* Your task: Nothing outside the range is wanted. Repeat exactly the lines below from the one with "Die 7 größten" through the one with "ÖVP-Verfassungssprecher Wolfgang Gerstl".

* Exercise data:
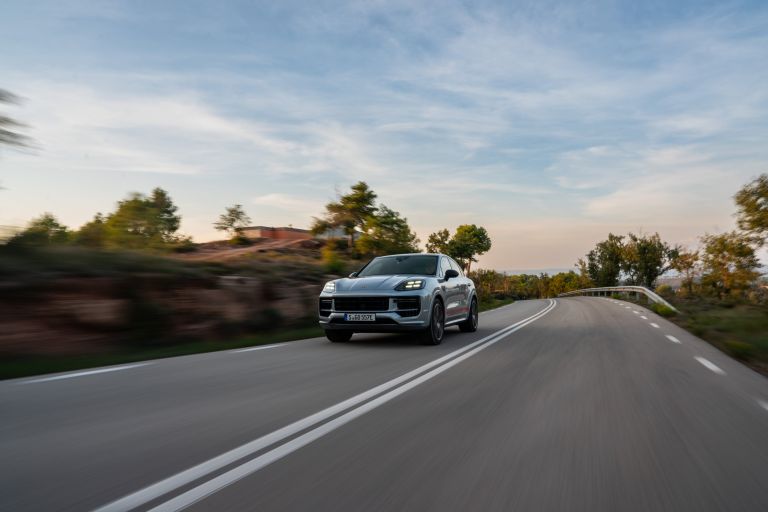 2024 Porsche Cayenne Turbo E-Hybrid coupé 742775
...
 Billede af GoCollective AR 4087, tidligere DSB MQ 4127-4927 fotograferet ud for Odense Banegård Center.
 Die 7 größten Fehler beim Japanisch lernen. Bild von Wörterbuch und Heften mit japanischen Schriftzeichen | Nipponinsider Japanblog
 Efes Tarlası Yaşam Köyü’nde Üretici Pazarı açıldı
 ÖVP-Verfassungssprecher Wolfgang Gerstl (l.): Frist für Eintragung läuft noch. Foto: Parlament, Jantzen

* Task solution:
 Die 7 größten Fehler beim Japanisch lernen. Bild von Wörterbuch und Heften mit japanischen Schriftzeichen | Nipponinsider Japanblog
 Efes Tarlası Yaşam Köyü’nde Üretici Pazarı açıldı
 ÖVP-Verfassungssprecher Wolfgang Gerstl (l.): Frist für Eintragung läuft noch. Foto: Parlament, Jantzen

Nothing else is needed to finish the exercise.